**What to produce**
Repeat, exactly as written, the lines from the one with "Tanam Cabai Menggunakan" to the final line of the listing, and keep every picture out.

**Supplied information**
★ ★ ★ ★ ★ ★ ★
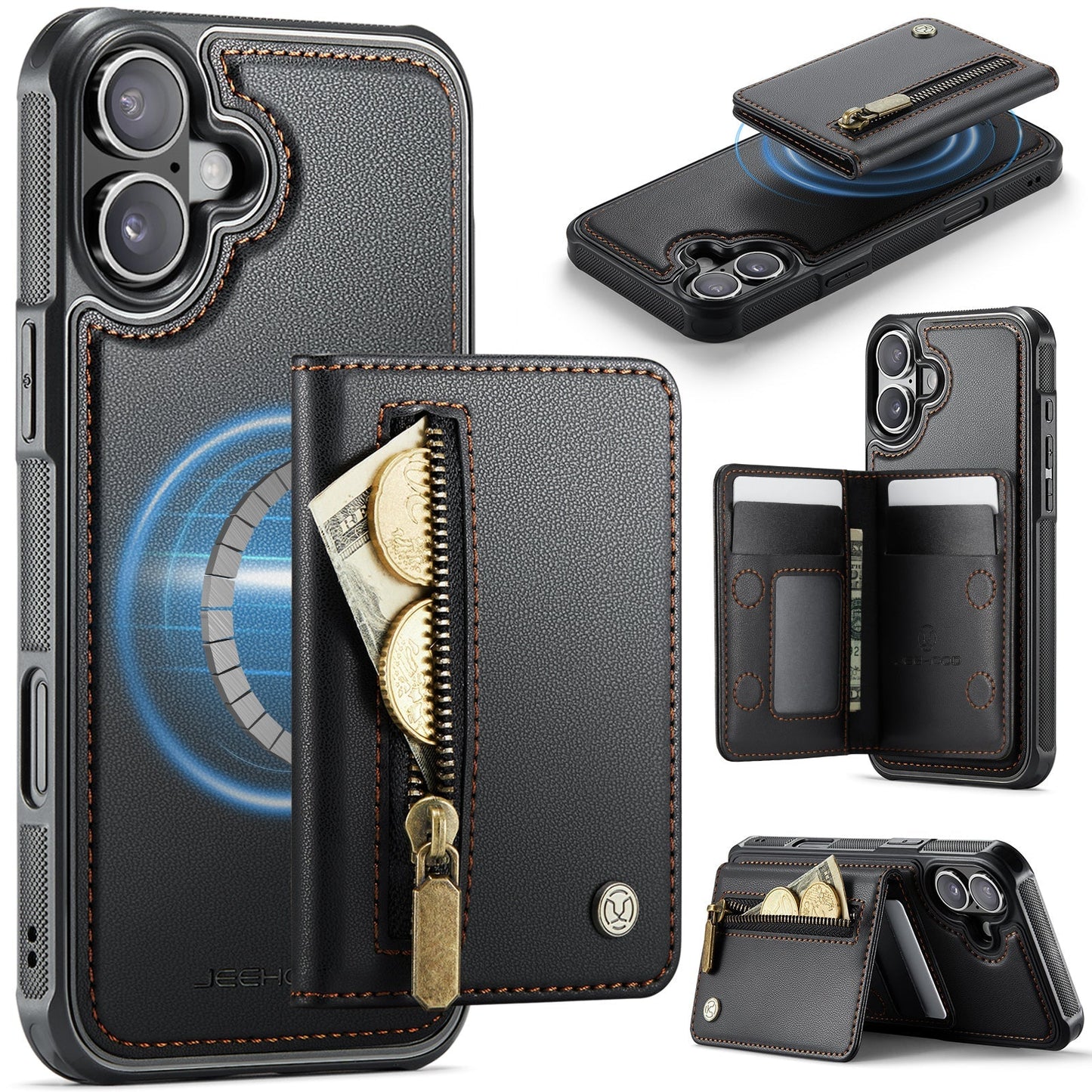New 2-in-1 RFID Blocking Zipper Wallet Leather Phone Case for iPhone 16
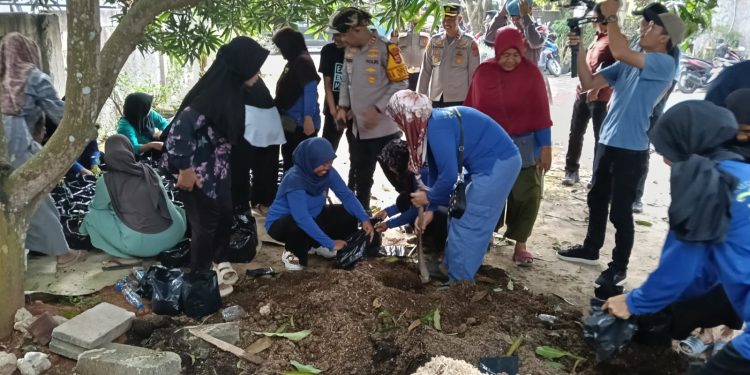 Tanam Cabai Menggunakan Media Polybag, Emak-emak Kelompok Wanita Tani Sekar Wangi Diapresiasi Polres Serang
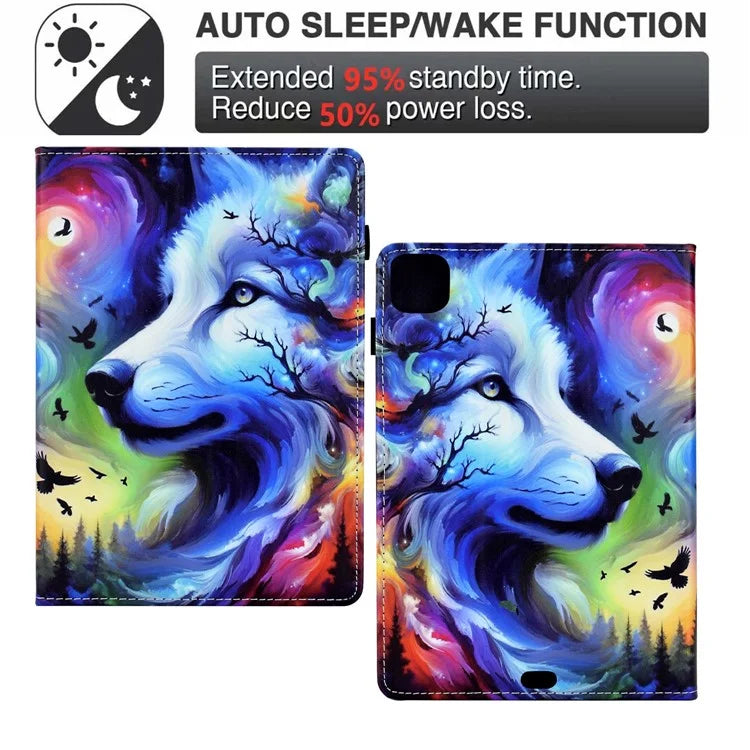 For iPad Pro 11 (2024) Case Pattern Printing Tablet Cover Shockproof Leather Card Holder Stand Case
★ ★ ★ ★ ★ ★ ★
**Written reply**
 Tanam Cabai Menggunakan Media Polybag, Emak-emak Kelompok Wanita Tani Sekar Wangi Diapresiasi Polres Serang
 For iPad Pro 11 (2024) Case Pattern Printing Tablet Cover Shockproof Leather Card Holder Stand Case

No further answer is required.